| WHAT YOU WILL DO |
Please repeat the records word for word and skip the pictures.

| SOURCE MATERIAL |
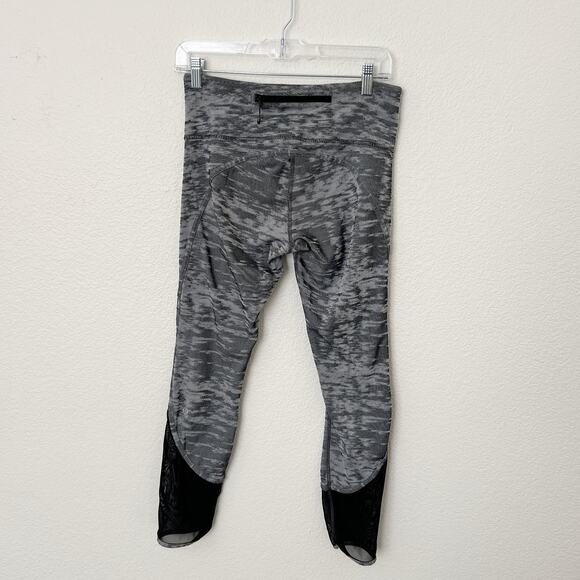 [Lululemon] Gray Jacquard Mid Rise Beat The Heat Tight Mesh Run Leggings Size 8 - Picture 3 of 11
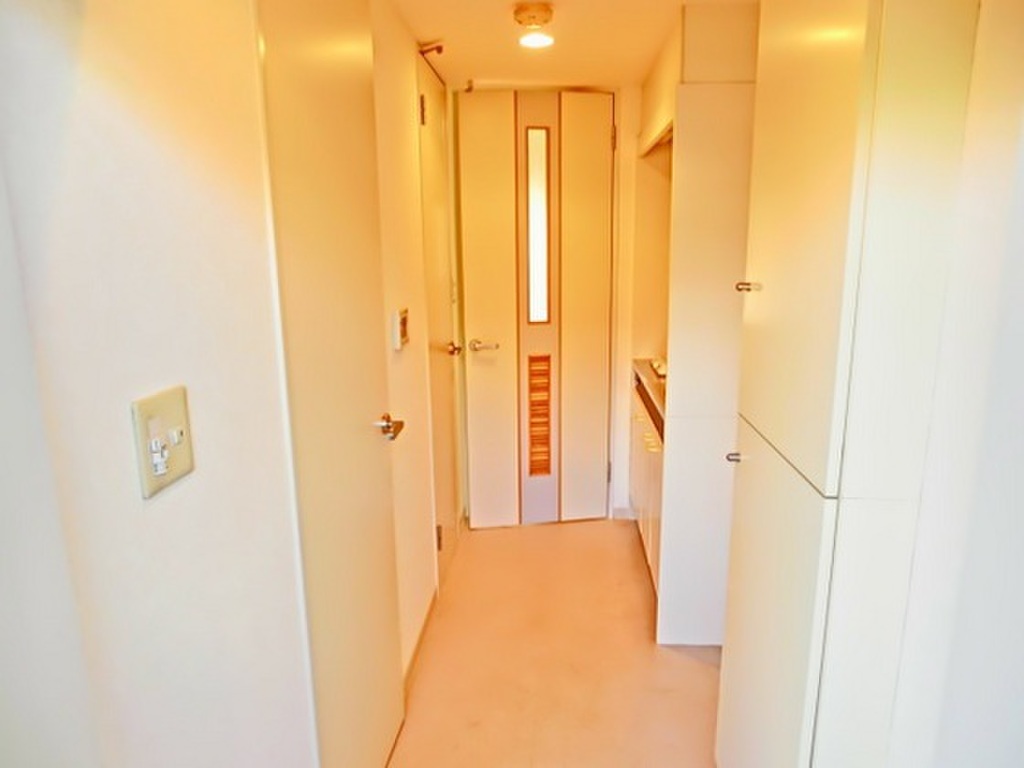 (8/22) 玄関 (8/22) 玄関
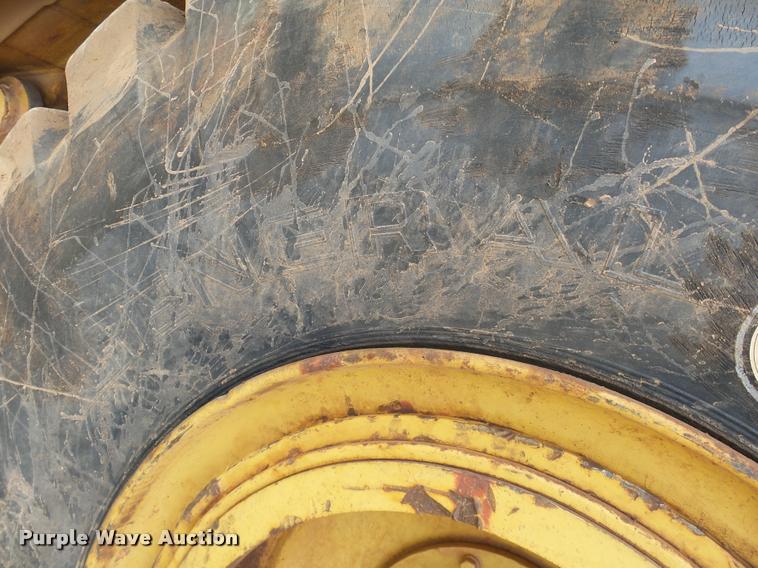 image for item DB4681 1997 Caterpillar 621F conventional scraper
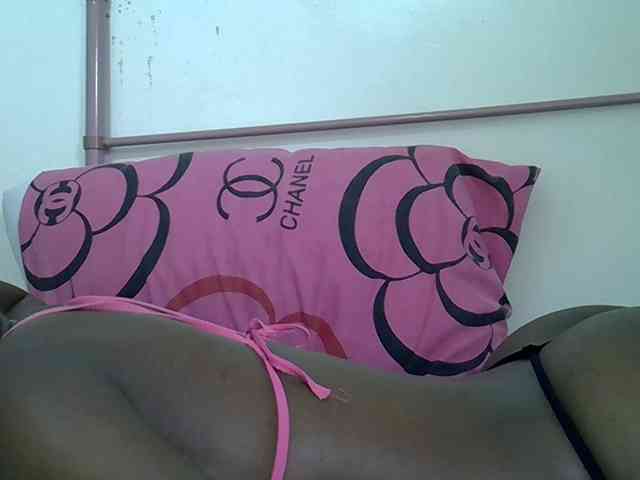 Zawadi95 webcam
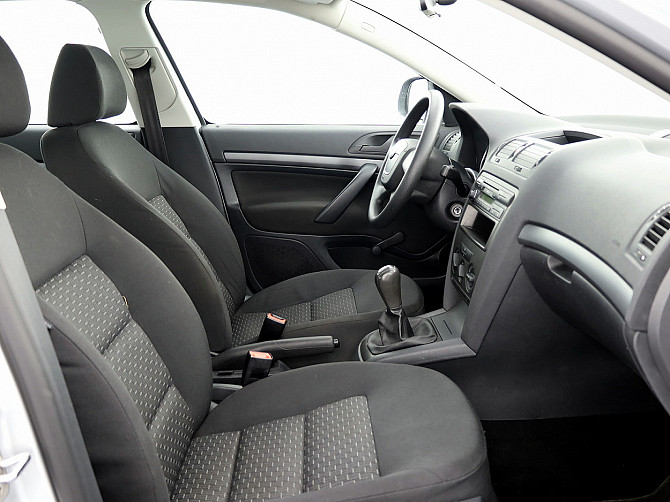 Skoda Octavia Comfortline Facelift 1.2 77kW Tallina - foto 6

| RESPONSE TO THE TASK |
 [Lululemon] Gray Jacquard Mid Rise Beat The Heat Tight Mesh Run Leggings Size 8 - Picture 3 of 11
 (8/22) 玄関 (8/22) 玄関
 image for item DB4681 1997 Caterpillar 621F conventional scraper
 Zawadi95 webcam
 Skoda Octavia Comfortline Facelift 1.2 77kW Tallina - foto 6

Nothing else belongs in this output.